Today’s legislative committee meetings

The House Ways & Means Committee will receive a presentation about Florida’s corporate income tax and federal tax reform, 8 a.m., Morris Hall, House Office Building.

The Senate Commerce and Tourism Committee will hear presentations from Ken Lawson, executive director of the Florida Department of Economic Opportunity, and Jamal Sowell, president and CEO of Enterprise Florida, 10 a.m., 110 Senate Office Building.
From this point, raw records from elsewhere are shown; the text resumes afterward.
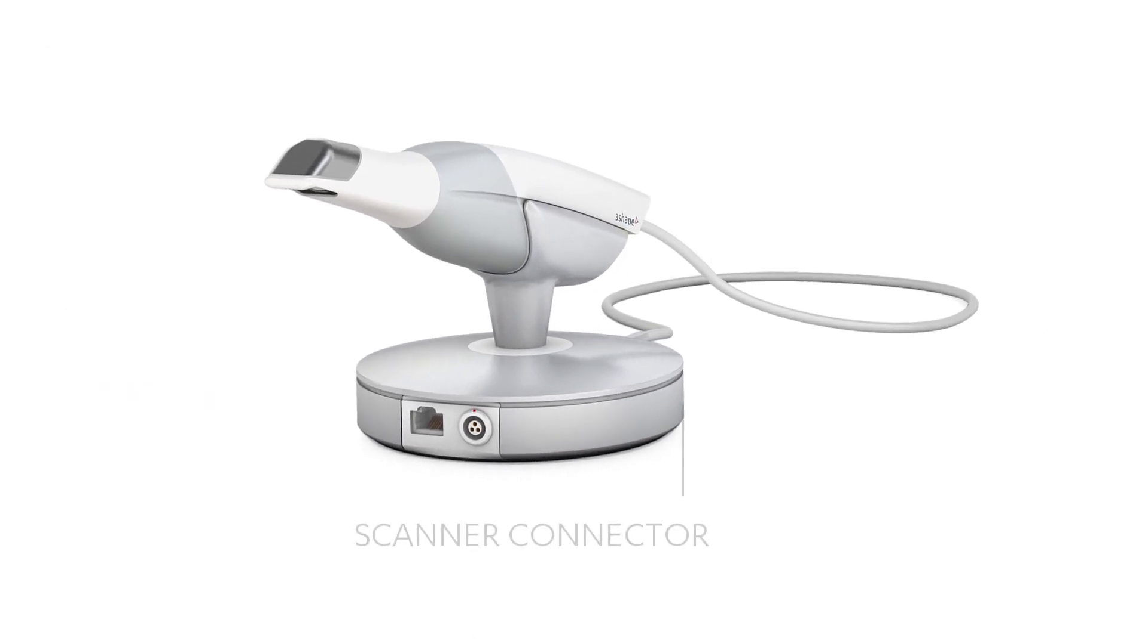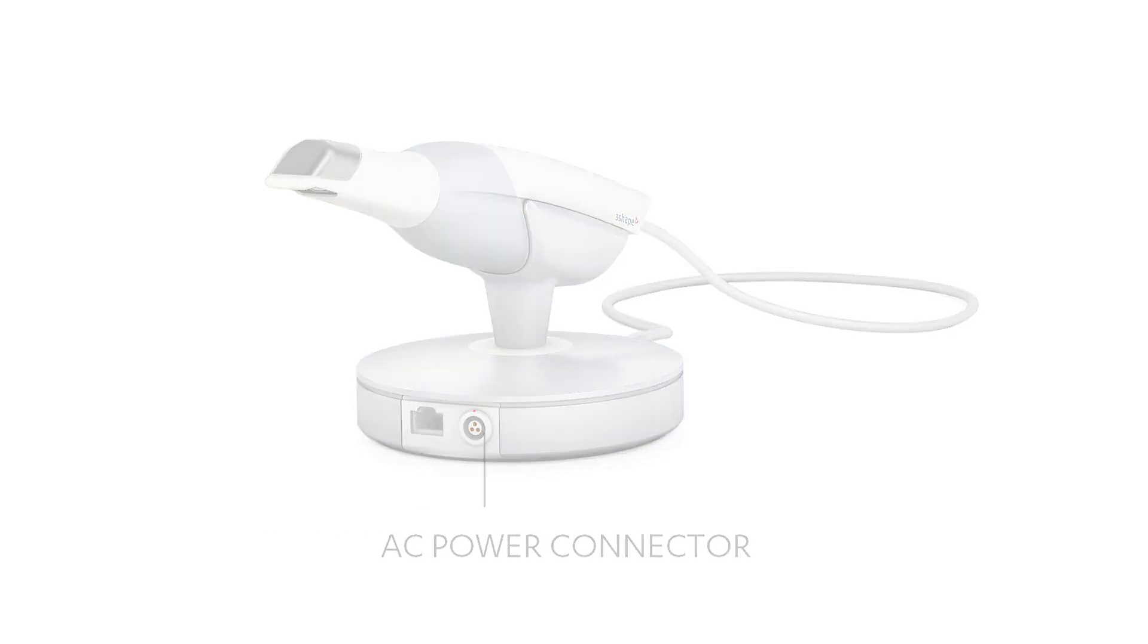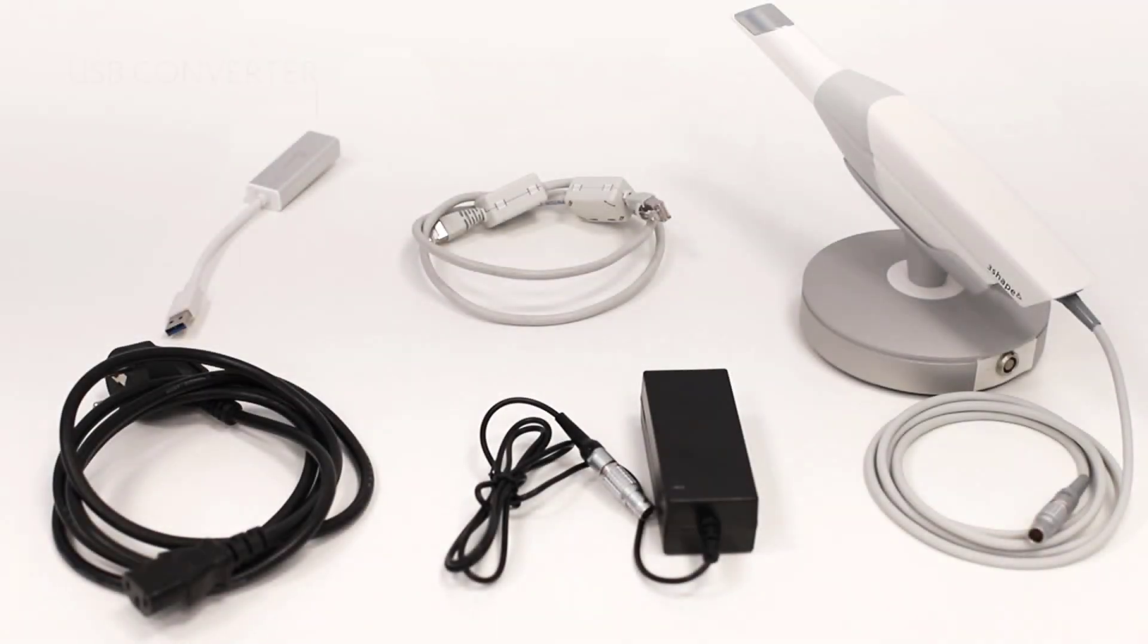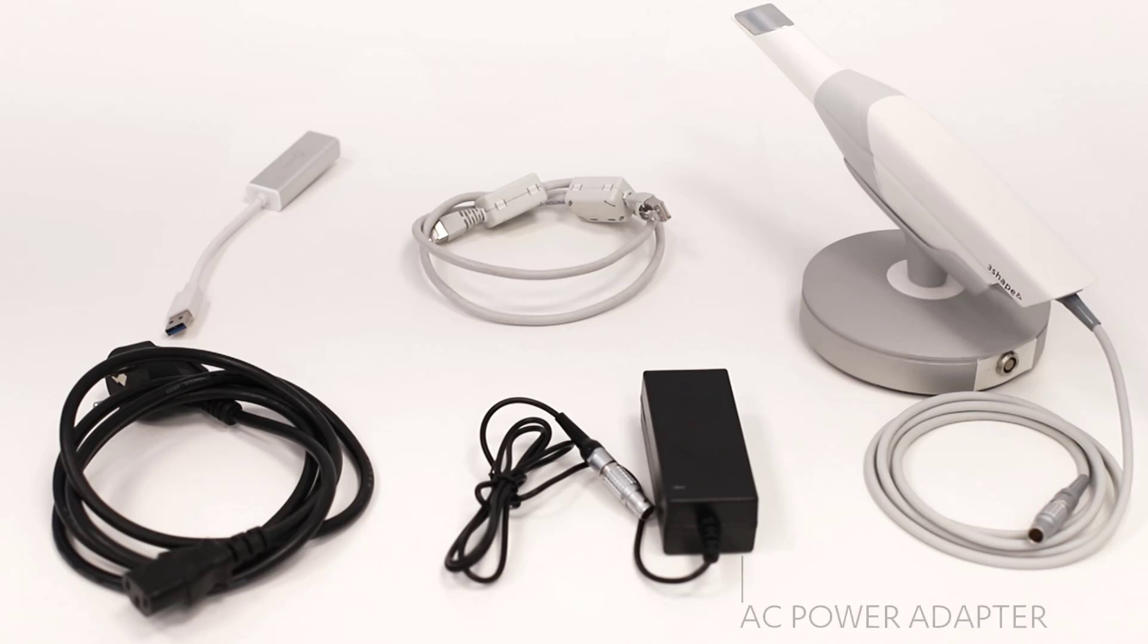It has connections for the Trios scanner, an Ethernet port, and a power plug. The package includes a small USB to Ethernet converter, an Ethernet cable, and the power adapter with matching power cord.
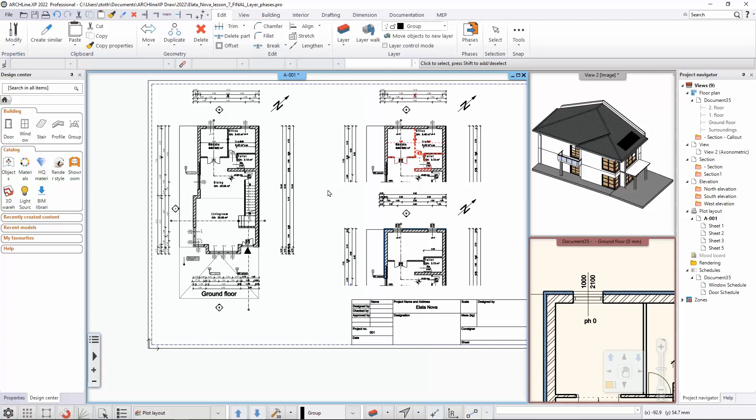The very good thing here is that you can actually also tell a specific layer in the software, in a wall for example, that it should be added later in a later phase, and according to your settings it will be automatically represented in the documentation too.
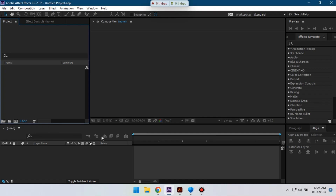Hello everyone, welcome to another After Effects tutorial. In this video we are going to make this third long animation.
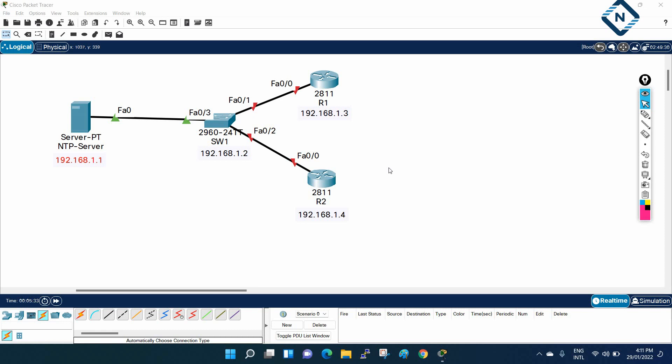We should have some basic knowledge of NTP also. We already have NTP theory in our CCNA course. Here we are going to do the practical lab. Imagine your manager tells you to configure NTP on router R1, R2, and also on switch one.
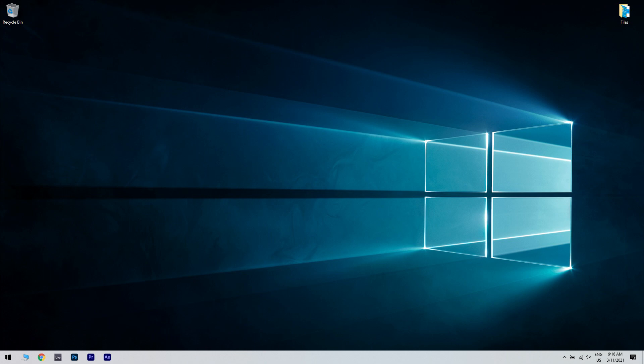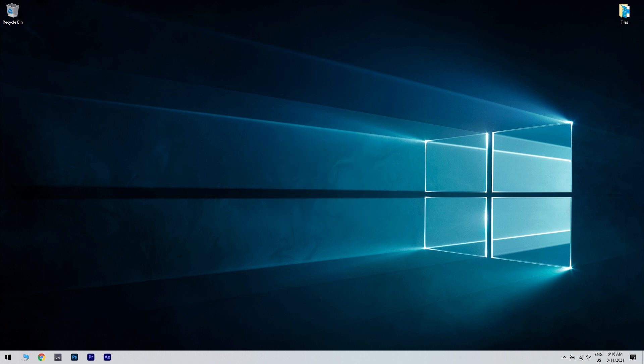If the video still doesn't play, press the open content button to download the media content. Then you can play the video on a media player that supports the video format.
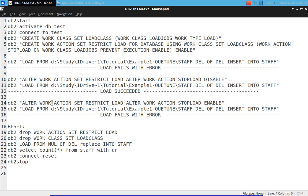Similarly, after that I can switch it back — enable again. So it's like a switch on/switch off. If I issue the load statement again under the same connection, the load will again fail with error. It has that much flexibility — it's like a switch on/switch off.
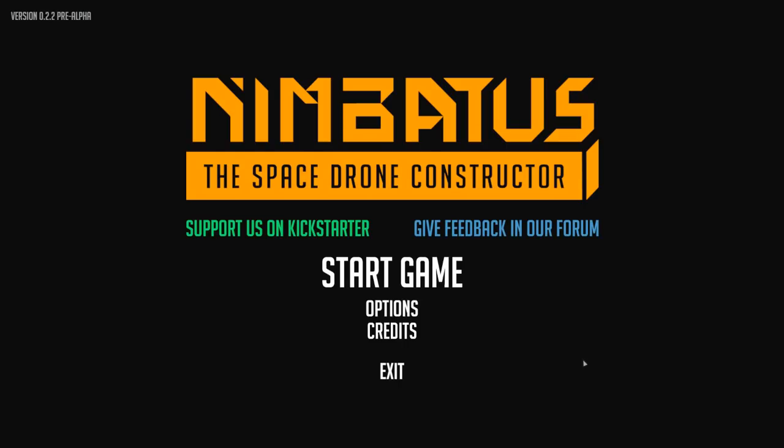How's it going guys, Dre here, and today we are going to take over the universe in Nimbatus. This is a new game coming out. It's a space drone constructor where you have to build different vehicles and take over planets throughout the universe to do different missions. It's an absolutely awesome game that I am extremely excited about.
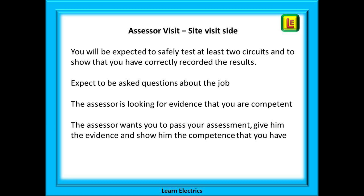Some assessors will allow the assessed work to be in your own house. The assessor will need to see you test two circuits and will compare your results to the electrical certificates you have completed. Make sure you know how to test those agreed circuits completely before your assessment day. Some assessors may allow both circuits to be in the same property; some will want to see one circuit in each of two separate properties. Expect to be asked questions about the job — the assessor is looking for evidence that you are competent, and they want you to pass.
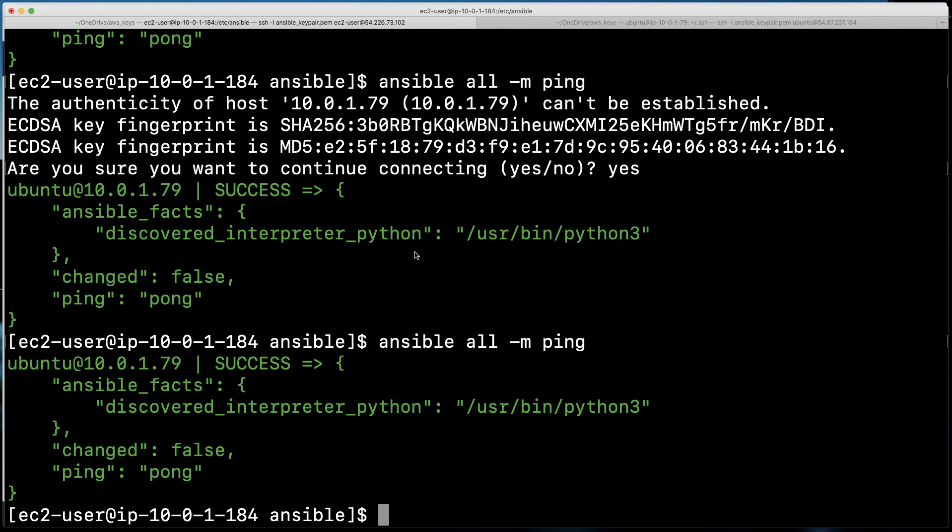So we are now in a great spot where we can begin using Ansible to control that remote node inside of our AWS Ansible practice lab. Thanks so much for viewing. And I'm sure you're excited for the next edition of utilizing AWS in order to build a fully functional and robust practice lab.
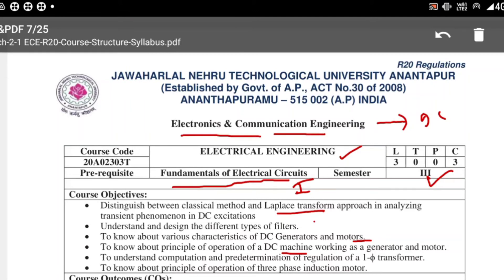Additional objectives include understanding AC machines and DC machines, computational predetermination of regulation of single-phase transformers, and knowing the principle of operation of three-phase induction motors. These are the course objectives — what we are expecting after completion of this subject.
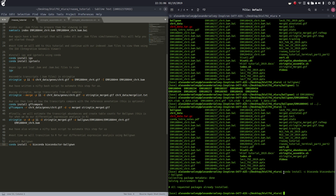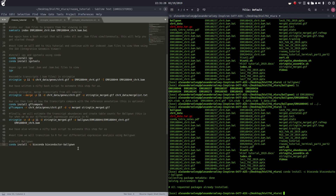Just another great use of bioconda, which is a package in miniconda. Install miniconda and have the world at your fingertips, essentially, when it comes to downloading and installing bioinformatics tools in a very timely fashion.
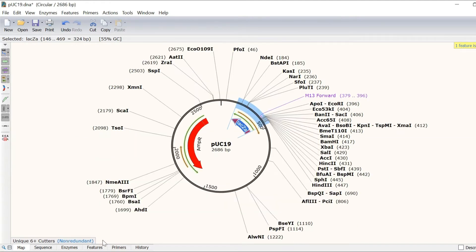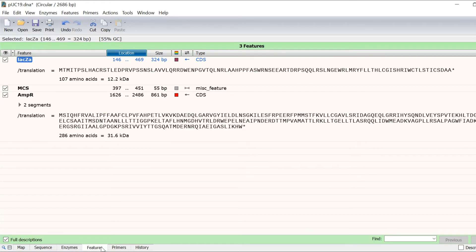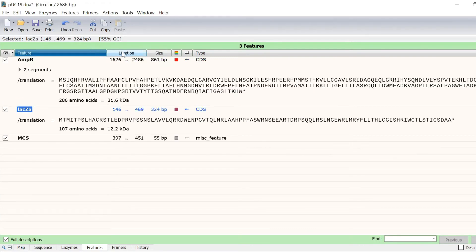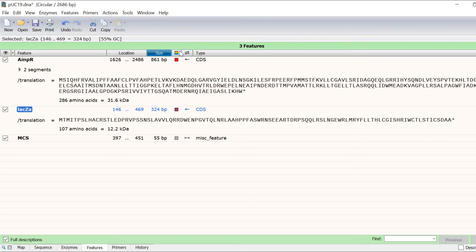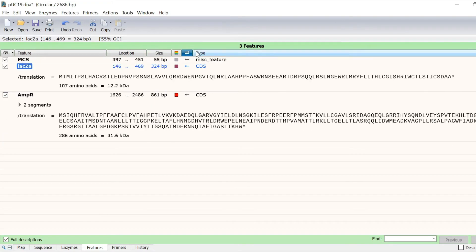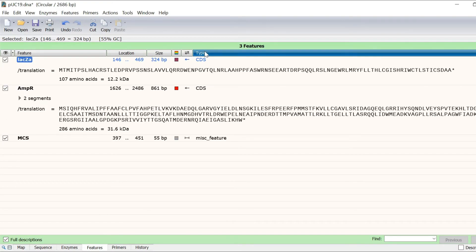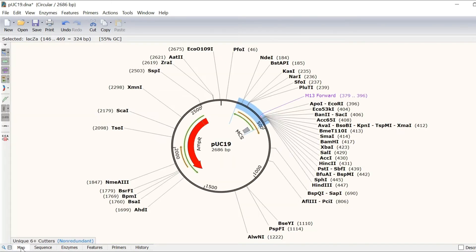By going to the features tab, you can sort the list of annotated features by name, location, size, colour, directionality or type. You can also select the features that you want to be made visible on the map and sequence view.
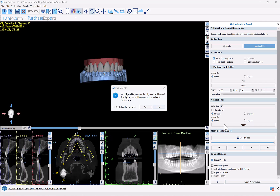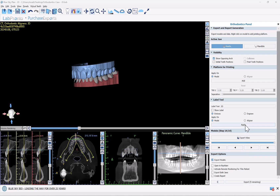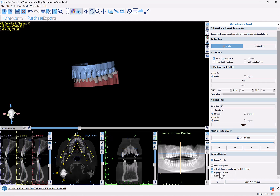I'm going to click no and scroll down to the bottom of the panel where we have the export options. We have options to label the models — you can emboss or engrave whatever text you want. We have the ability to add a platform for vertical printing and even separate the platform so you just have the heels. Now focusing on the export options: 'Export Models' is checked. Our new functionality here is 'Activate Remote Monitoring for this Patient.' The checkbox for 'Export Both Jaws' is checked automatically when we check 'Activate Remote Monitoring for this Patient.'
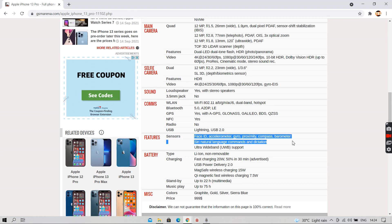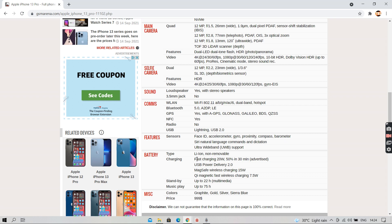It has fast charging of 20W which can charge approximately 50% in 30 minutes as advertised.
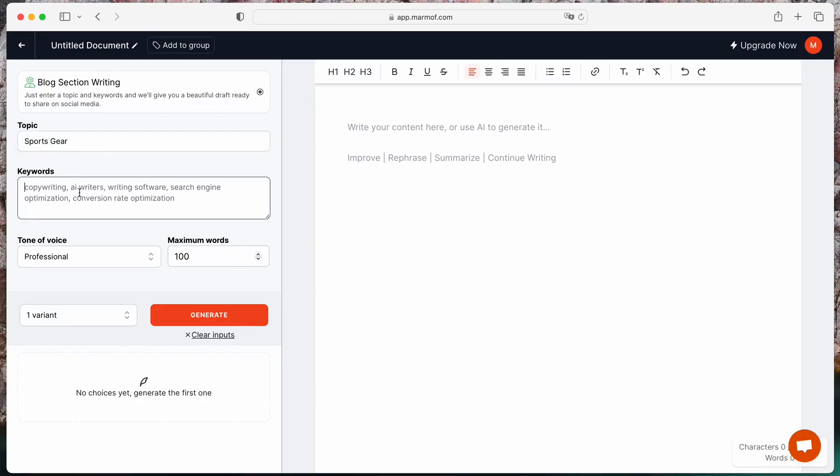Then, provide some keywords related to your topic. For sports gear, you may include keywords such as running shoes, athletic apparel, and sporting equipment.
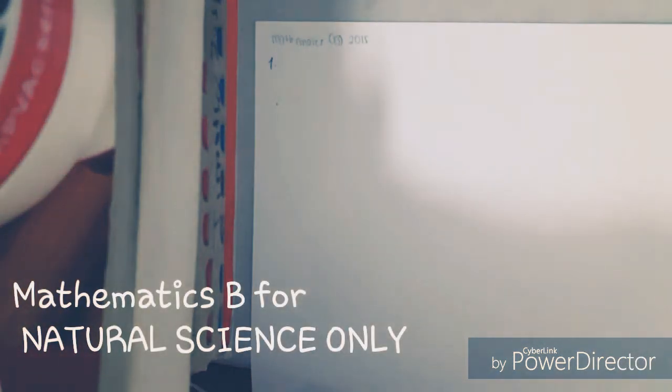Hello everyone, welcome to this first video of the Mombuka Okokuso preparation. This is the solution video for the year 2015. The paper I want to discuss is Mathematics B. This subject is suitable for those who apply for natural science — engineering or any other related field — and Mathematics B is one of the requirements for the actual test.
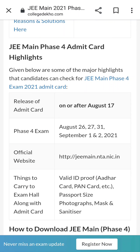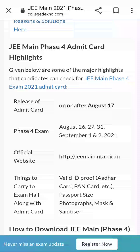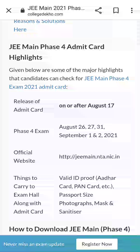Hello everyone, welcome to Science Gun. Here we will see JEE Main Phase 4 admit card highlights. The admit card will be released on or before August 17th. Phase 4 exam dates are August 26, 27, 31 and September 1st and 2nd, 2021.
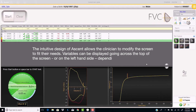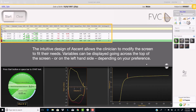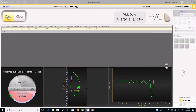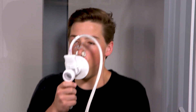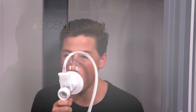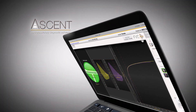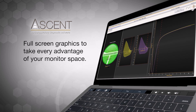The intuitive design of Ascent allows the clinician to modify the screen to fit their needs. Variables can be displayed going across the top of the screen, or on the left-hand side, depending on your preference. Amazing, real-time graphics display what the patient is doing, allowing the clinician to coach the patient for the best achievable effort. The versatility of the Ascent Software allows you to display the graphics full screen to take every advantage of your monitor space.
The Senate Criminal Justice Committee will take up a bill (SB 540), filed by Sen. Lauren Book, that would take a series of steps to try to curb human trafficking, 10 a.m., 37 Senate Office Building.

The Senate Health Policy Committee will consider a series of bills, including a proposal (SB 366), filed by Sen. Oscar Braynon, to expand a needle-exchange program for intravenous drug users, 10 a.m., 412 Knott Building.

The House Education Committee will hold a panel discussion on school choice, 11 a.m., Reed Hall, House Office Building.

The House Health & Human Services Committee will hold a workshop on suicide prevention, with speakers expected from the Department of Children and Families, Florida State University and the University of Central Florida, 11 a.m., Morris Hall, House Office Building.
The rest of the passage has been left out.